“What makes me suited to be a therapist is a natural talent and motivation to assist others in transformation.”
What was your path to becoming a therapist?
My path to becoming a therapist involved tuning in and listening to feedback I've received most of my life. Prior to becoming a therapist, I experienced people often coming to me in crisis, whether I knew them well or not. I often wondered why others felt comfortable sharing with me and why they were confident in coming to me for assistance. What makes me suited to be a therapist is a natural talent and motivation to assist others in transformation. Providing therapy is my second career; previously, I worked as a hospital administrator for many years. I went into the profession of health administration for compensation and prestige. Security was my motivation at the time. After several years of feeling unfulfilled, I decided to look at what was missing and then lead with my heart.
What should someone know about working with you?
The intake process begins by establishing a rapport based on a partnership of transparency. I do assign homework in order to facilitate the client’s process and coping between sessions. I enjoy working through issues of anxiety, anger, and depression with young adults, adults, and couples.
What do you do to continue learning and building competencies as a provider?
I participate in continuing education courses that address specific disorders and specific types of therapy to address those disorders. I'm interested in learning more about bariatric clients and their histories that led them to overeat. Collaborating with other providers benefits my clients because different approaches and perspectives are often learned and subsequently implemented.

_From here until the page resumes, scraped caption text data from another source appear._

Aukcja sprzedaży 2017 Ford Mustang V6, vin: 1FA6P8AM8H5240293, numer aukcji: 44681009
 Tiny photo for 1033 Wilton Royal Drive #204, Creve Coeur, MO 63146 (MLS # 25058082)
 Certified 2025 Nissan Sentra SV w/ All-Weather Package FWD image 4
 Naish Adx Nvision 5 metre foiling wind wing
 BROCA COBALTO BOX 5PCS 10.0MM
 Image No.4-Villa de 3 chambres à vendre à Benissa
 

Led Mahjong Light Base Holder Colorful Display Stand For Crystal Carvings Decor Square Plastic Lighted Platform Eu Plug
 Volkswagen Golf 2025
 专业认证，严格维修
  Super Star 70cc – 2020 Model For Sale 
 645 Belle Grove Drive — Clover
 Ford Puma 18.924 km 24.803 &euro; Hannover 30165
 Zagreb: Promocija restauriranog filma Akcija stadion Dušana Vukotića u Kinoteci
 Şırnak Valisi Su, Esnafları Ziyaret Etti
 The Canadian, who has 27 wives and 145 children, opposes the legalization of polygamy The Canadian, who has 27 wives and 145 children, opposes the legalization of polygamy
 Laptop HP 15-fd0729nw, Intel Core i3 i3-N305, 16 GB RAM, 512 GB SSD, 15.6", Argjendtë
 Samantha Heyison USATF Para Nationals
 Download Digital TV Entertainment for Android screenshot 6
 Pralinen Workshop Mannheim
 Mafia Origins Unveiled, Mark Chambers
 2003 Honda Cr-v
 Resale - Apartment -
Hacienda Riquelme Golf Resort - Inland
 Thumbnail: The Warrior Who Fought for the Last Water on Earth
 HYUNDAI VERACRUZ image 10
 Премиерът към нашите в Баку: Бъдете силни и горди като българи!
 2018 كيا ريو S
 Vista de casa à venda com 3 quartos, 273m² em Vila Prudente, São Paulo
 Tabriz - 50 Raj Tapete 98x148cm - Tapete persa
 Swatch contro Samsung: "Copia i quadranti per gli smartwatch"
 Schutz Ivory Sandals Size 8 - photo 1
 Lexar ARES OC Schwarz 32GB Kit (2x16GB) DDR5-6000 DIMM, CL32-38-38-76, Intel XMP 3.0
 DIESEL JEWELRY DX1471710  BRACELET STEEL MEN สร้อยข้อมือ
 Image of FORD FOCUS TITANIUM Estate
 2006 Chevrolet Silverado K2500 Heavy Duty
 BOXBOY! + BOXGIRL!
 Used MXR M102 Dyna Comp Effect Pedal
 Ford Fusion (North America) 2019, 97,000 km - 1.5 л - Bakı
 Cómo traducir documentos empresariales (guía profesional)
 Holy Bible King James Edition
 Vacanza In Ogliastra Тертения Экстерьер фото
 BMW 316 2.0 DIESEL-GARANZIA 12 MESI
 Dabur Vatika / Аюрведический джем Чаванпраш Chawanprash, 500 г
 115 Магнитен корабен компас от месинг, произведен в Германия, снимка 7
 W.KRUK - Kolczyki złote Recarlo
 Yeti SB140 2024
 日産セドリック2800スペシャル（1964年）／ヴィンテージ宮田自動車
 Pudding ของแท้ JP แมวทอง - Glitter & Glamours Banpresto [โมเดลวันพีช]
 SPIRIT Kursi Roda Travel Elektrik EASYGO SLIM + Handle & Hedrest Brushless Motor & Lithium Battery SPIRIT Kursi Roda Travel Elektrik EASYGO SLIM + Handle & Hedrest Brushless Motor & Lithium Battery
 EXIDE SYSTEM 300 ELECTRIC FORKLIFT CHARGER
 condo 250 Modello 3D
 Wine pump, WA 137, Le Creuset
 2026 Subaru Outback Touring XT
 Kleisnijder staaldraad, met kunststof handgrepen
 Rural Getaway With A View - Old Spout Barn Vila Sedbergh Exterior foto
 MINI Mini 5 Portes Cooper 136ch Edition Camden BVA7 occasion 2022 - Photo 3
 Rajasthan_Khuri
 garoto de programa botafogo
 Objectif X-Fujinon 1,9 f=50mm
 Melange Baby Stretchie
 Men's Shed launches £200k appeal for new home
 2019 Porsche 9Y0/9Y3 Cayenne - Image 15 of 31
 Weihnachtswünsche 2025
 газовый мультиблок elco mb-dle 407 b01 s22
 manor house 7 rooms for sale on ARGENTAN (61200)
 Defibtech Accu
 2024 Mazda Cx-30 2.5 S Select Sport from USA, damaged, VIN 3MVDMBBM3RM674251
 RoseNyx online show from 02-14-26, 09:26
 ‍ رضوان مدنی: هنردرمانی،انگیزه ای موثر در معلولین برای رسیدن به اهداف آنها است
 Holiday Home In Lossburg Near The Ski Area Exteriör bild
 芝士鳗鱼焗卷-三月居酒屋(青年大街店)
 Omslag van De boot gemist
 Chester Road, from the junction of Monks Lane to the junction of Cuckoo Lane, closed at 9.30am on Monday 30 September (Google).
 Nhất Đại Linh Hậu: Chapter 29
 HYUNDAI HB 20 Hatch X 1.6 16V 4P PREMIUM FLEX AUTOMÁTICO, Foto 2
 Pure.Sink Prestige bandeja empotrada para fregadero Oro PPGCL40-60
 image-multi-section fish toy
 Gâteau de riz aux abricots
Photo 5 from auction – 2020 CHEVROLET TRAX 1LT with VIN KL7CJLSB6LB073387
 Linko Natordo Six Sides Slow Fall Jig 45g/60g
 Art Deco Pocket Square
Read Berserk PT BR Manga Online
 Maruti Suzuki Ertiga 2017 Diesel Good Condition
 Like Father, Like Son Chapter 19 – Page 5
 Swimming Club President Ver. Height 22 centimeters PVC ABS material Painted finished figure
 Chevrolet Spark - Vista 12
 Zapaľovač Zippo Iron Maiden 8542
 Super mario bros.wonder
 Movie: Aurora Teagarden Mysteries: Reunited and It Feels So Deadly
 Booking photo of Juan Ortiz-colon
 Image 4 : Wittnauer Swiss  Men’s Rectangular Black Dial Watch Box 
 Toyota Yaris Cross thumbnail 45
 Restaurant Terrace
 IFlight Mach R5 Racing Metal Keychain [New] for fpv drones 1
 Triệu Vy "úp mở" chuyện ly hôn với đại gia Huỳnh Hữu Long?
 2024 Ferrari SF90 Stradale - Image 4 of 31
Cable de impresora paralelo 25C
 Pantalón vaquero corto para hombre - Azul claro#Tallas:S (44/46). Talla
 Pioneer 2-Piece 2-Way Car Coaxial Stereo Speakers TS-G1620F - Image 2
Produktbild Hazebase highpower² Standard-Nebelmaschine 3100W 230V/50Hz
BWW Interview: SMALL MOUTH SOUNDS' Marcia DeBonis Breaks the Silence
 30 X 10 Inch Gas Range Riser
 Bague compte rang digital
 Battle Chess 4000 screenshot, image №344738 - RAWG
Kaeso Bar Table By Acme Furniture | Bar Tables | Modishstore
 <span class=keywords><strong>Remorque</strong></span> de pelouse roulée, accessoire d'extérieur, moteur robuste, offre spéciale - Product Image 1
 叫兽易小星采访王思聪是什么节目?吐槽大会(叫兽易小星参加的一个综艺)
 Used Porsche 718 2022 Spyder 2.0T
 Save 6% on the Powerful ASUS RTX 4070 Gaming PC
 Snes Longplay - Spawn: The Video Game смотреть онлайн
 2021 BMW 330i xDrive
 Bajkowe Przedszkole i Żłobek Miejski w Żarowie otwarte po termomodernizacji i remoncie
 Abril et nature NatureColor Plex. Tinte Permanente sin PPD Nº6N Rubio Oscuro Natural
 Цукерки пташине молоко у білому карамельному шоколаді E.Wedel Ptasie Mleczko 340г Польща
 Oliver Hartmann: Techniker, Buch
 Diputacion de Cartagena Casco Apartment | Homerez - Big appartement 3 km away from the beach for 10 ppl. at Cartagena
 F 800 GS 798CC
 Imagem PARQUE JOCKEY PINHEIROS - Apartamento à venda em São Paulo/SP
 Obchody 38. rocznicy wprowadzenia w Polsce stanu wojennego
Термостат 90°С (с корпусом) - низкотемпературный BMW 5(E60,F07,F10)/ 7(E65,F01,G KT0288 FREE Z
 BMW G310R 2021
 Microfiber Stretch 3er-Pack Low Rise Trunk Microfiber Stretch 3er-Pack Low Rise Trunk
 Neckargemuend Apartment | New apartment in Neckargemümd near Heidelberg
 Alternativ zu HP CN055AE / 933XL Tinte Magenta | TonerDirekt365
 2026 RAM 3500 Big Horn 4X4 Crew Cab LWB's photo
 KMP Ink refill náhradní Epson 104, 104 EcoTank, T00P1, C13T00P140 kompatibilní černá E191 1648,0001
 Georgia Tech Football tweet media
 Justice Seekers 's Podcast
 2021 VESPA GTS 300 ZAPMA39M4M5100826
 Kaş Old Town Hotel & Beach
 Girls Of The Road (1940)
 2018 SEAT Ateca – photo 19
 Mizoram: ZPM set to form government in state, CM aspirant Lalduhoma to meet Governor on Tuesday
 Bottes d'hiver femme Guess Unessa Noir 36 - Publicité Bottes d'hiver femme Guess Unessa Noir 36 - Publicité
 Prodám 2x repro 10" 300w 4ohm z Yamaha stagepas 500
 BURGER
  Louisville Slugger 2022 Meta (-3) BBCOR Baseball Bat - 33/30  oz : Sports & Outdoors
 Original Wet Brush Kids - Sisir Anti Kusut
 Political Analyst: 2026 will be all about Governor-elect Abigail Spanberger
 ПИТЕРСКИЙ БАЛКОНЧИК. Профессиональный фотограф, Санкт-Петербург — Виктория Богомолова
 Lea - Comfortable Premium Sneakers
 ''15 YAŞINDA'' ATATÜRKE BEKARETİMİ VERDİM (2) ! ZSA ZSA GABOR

What are you most excited about within the evolving mental health landscape?
I'm most excited that the longstanding stigma regarding mental health seems to be dissolving. The attitude of many has shifted to embracing the notion that mental health is part of overall health. Engaging in therapy has become a topic that many are now openly discussing. I find telehealth to be equally effective as in-person therapy. Because telehealth is so convenient, it could lead to greater outcomes than in-person encounters if we consider factors like cancellation rates due to travel and inclement weather.
“I enjoy working through issues of anxiety, anger, and depression with young adults, adults, and couples.”